* _RECORDS SHOWN_

▬▬▬

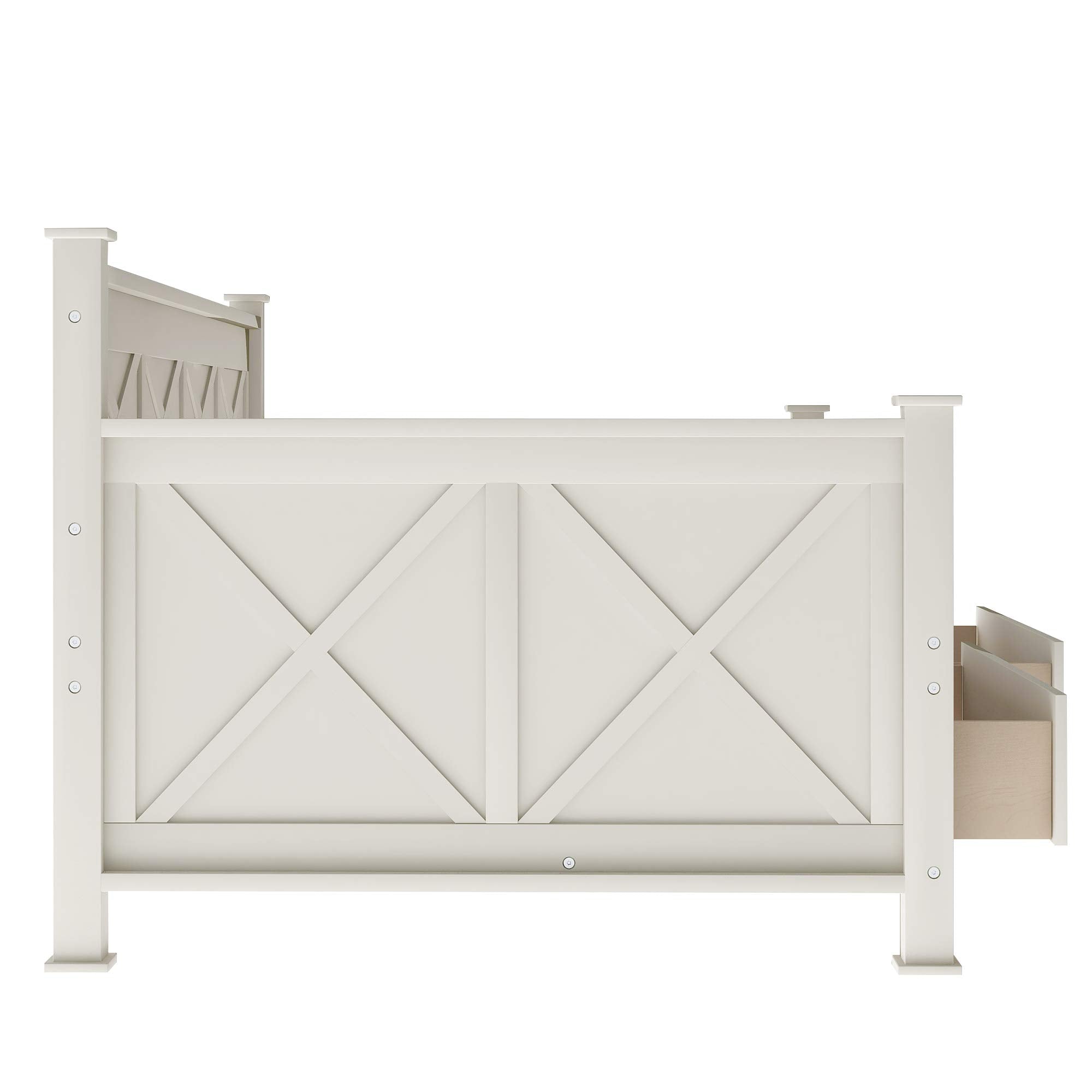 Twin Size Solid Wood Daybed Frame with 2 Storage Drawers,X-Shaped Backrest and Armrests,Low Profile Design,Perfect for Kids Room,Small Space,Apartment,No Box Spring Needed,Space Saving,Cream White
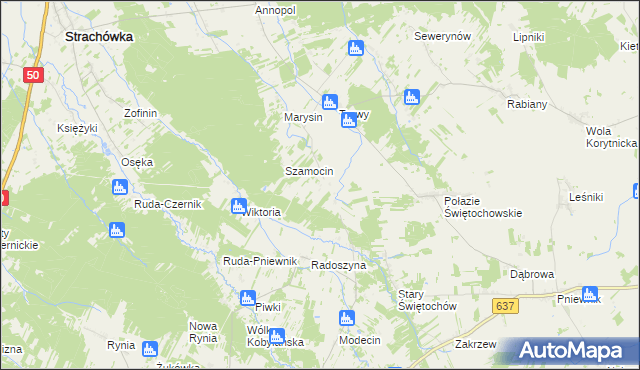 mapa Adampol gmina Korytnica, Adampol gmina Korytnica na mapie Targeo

▬▬▬

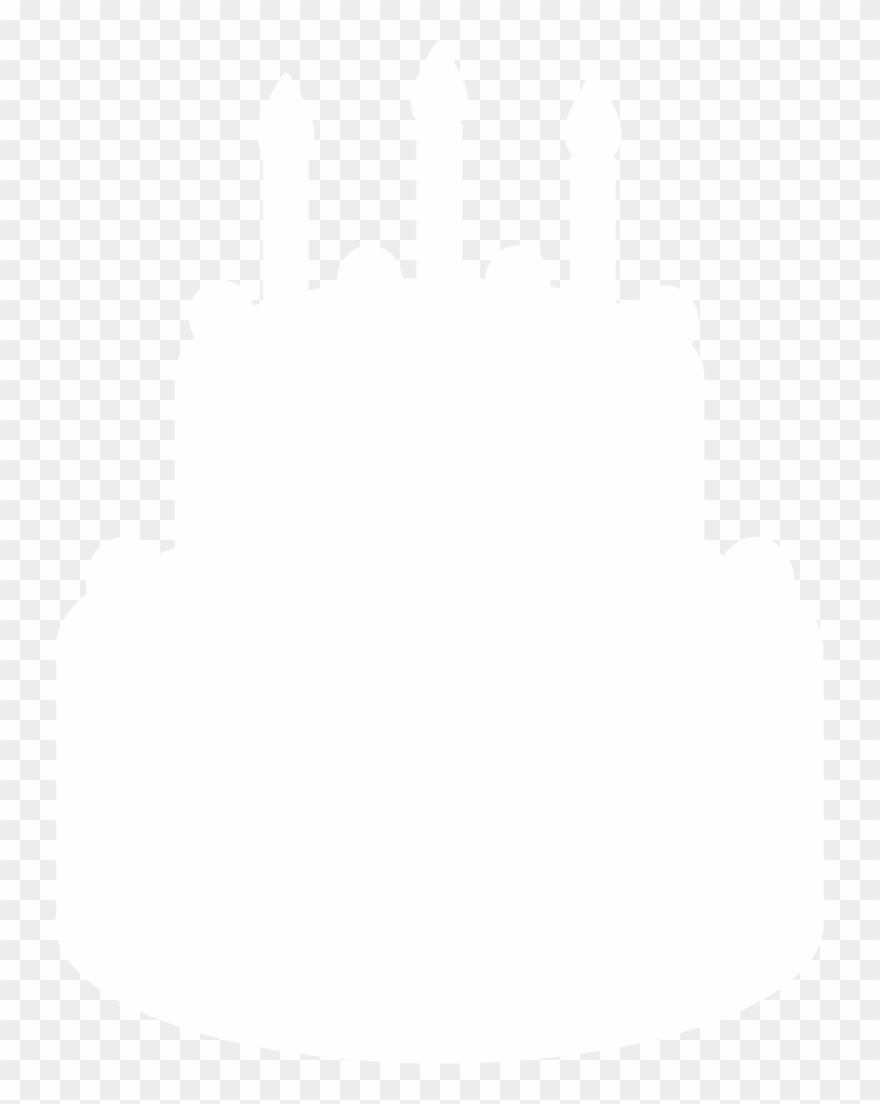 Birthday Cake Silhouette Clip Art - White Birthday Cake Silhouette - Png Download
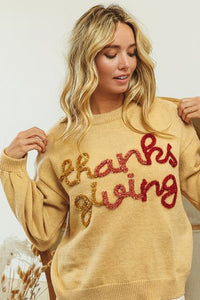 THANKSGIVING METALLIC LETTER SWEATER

▬▬▬

* _TASK INSTRUCTIONS_
In the listing above, find the line holding "Birthday Cake Silhouette Clip" and the line holding "THANKSGIVING METALLIC LETTER SWEATER". Reproduce those two lines and all between them exactly, leaving out pictures.

* _REPLY TO THE TASK_
 Birthday Cake Silhouette Clip Art - White Birthday Cake Silhouette - Png Download
 THANKSGIVING METALLIC LETTER SWEATER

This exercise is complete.